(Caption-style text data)
=======

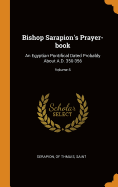 Bishop Sarapion's Prayer-Book: An Egyptian Pontifical Dated Probably about A.D. 350-356; Volume 6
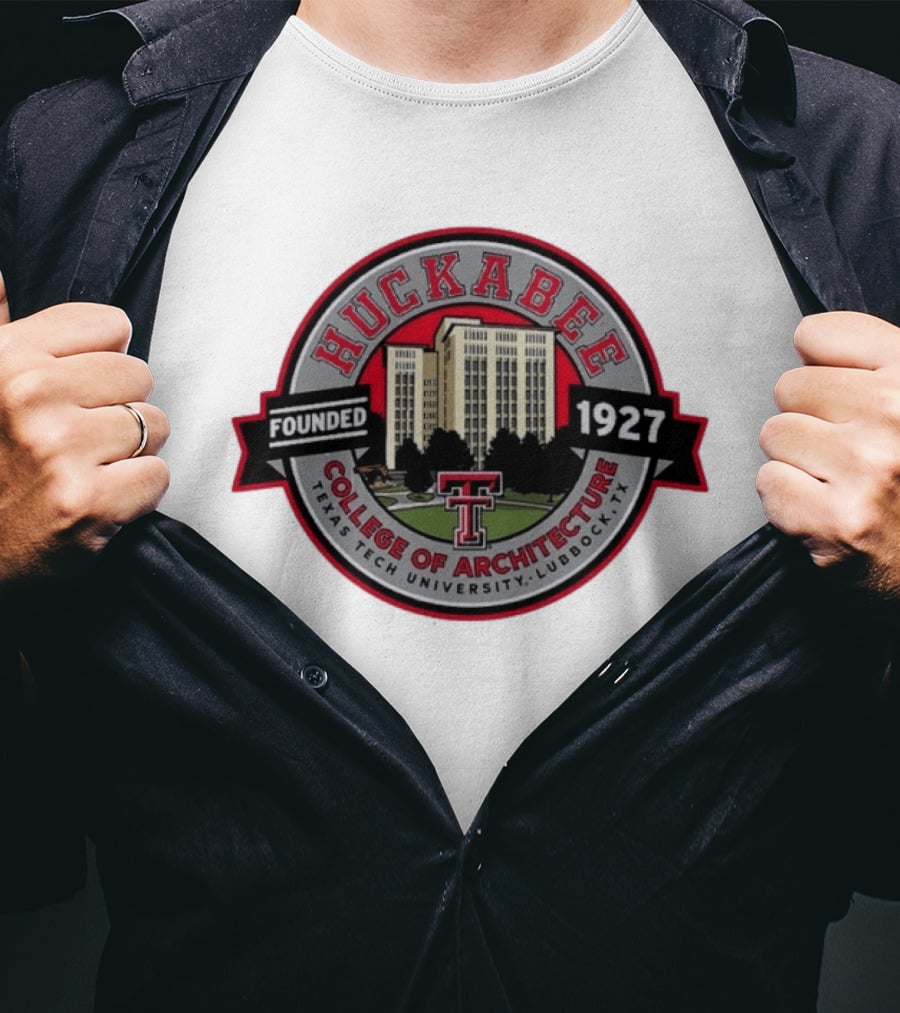Texas Tech University Huckabee College Of Architecture Founded 1927 Lubbock TX T-Shirt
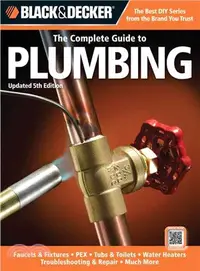 在飛比找三民網路書店優惠-The Complete Guide to Plumbing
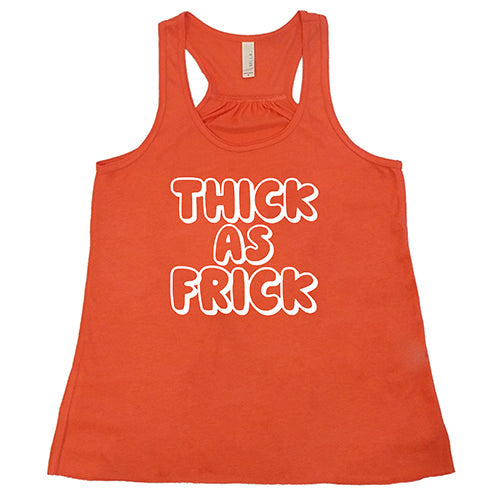 Thick As Frick Shirt - Funny Sarcastic Graphic Tee for Men & Women | Trendy Casual Cotton T-Shirt for Everyday Wear, Parties & Gifts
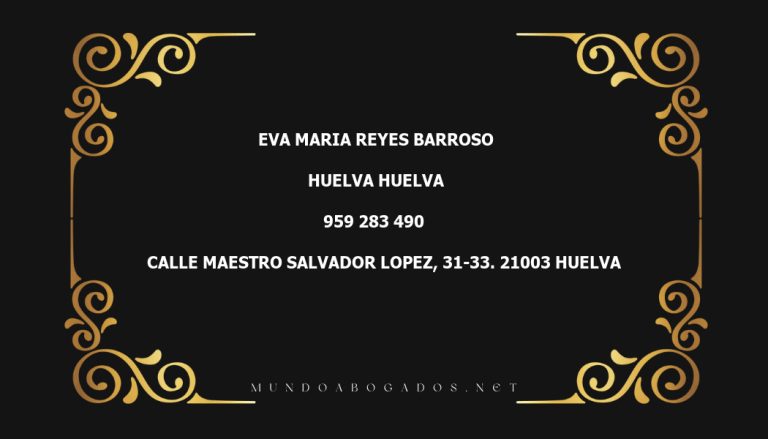 abogado Eva Maria Reyes Barroso en la localidad de Huelva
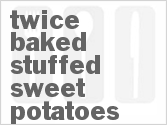 Twice Baked Stuffed Sweet Potatoes
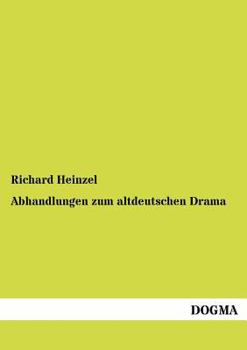 Paperback Abhandlungen zum altdeutschen Drama [German] Book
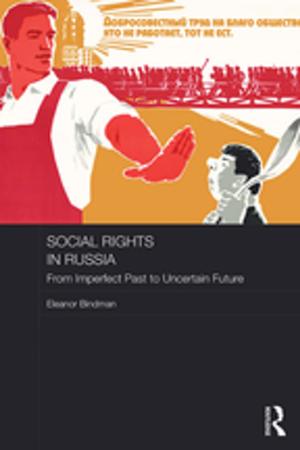Cover of the book Social Rights in Russia by Guy Standing, Jeemol Unni, Renana Jhabvala, Uma Rani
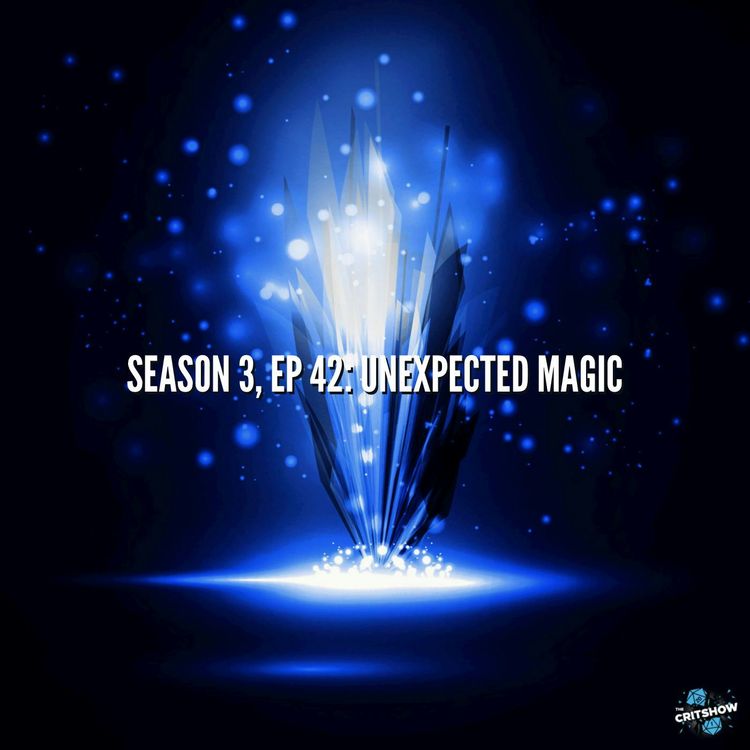 cover art for Unexpected Magic (S3, E42)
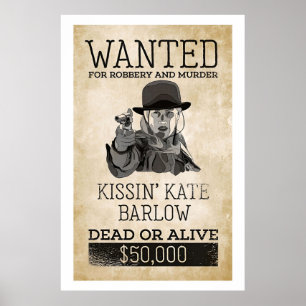 Vill ha död eller levande Kissin Kate Barlow Poste Poster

=======

### TASK
Each entry is to be given again exactly as it stands, with its pictures removed.

### RESULT OF THIS TASK
 Bishop Sarapion's Prayer-Book: An Egyptian Pontifical Dated Probably about A.D. 350-356; Volume 6
Texas Tech University Huckabee College Of Architecture Founded 1927 Lubbock TX T-Shirt
 在飛比找三民網路書店優惠-The Complete Guide to Plumbing
 Thick As Frick Shirt - Funny Sarcastic Graphic Tee for Men & Women | Trendy Casual Cotton T-Shirt for Everyday Wear, Parties & Gifts
 abogado Eva Maria Reyes Barroso en la localidad de Huelva
 Twice Baked Stuffed Sweet Potatoes
 Paperback Abhandlungen zum altdeutschen Drama [German] Book
Cover of the book Social Rights in Russia by Guy Standing, Jeemol Unni, Renana Jhabvala, Uma Rani
 cover art for Unexpected Magic (S3, E42)
 Vill ha död eller levande Kissin Kate Barlow Poste Poster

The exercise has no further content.